→ **EXERCISE DIRECTIONS**
For the listing below, return the line containing "Yacht Photos Pics", the line containing "Multi-story interior courtyard", and all lines in between, exactly as written and nothing else.

→ **RAW DATA**
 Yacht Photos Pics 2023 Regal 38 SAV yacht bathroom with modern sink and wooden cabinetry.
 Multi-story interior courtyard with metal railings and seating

* * *

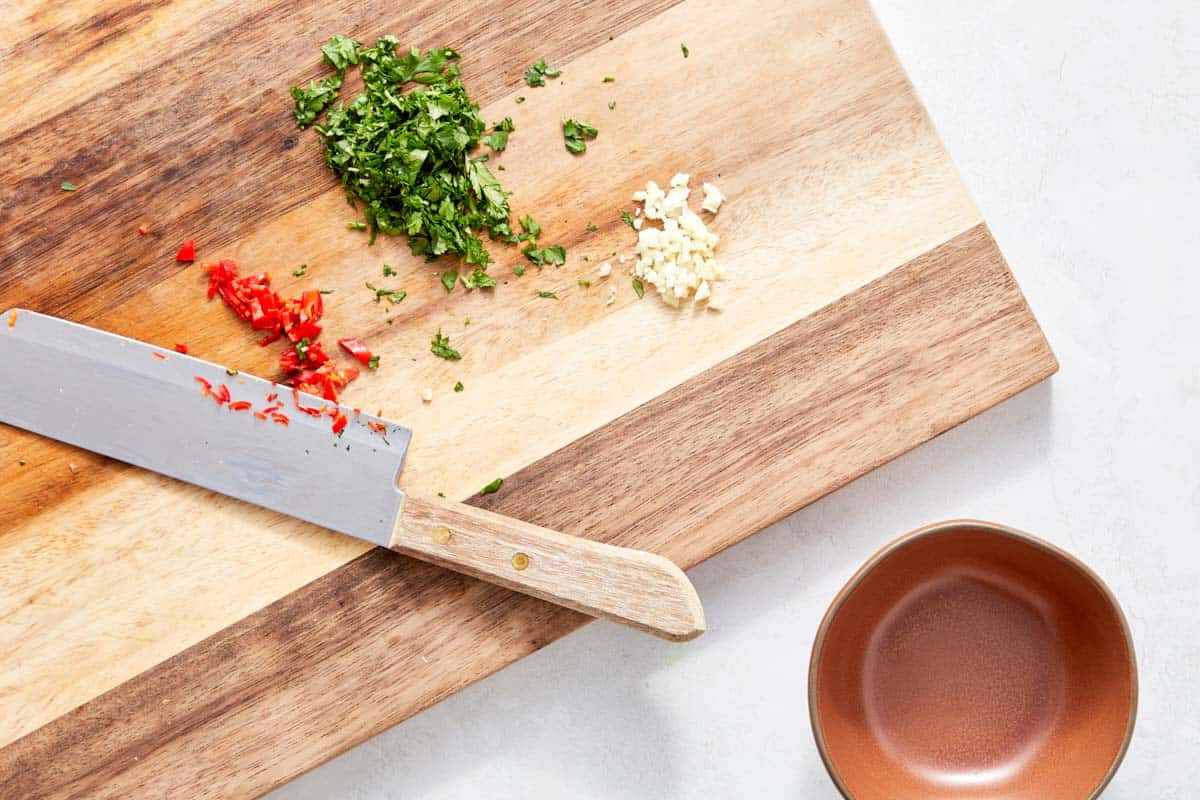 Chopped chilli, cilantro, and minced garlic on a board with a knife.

→ **SOLUTION FOR THIS EXERCISE**
 Yacht Photos Pics 2023 Regal 38 SAV yacht bathroom with modern sink and wooden cabinetry.
 Multi-story interior courtyard with metal railings and seating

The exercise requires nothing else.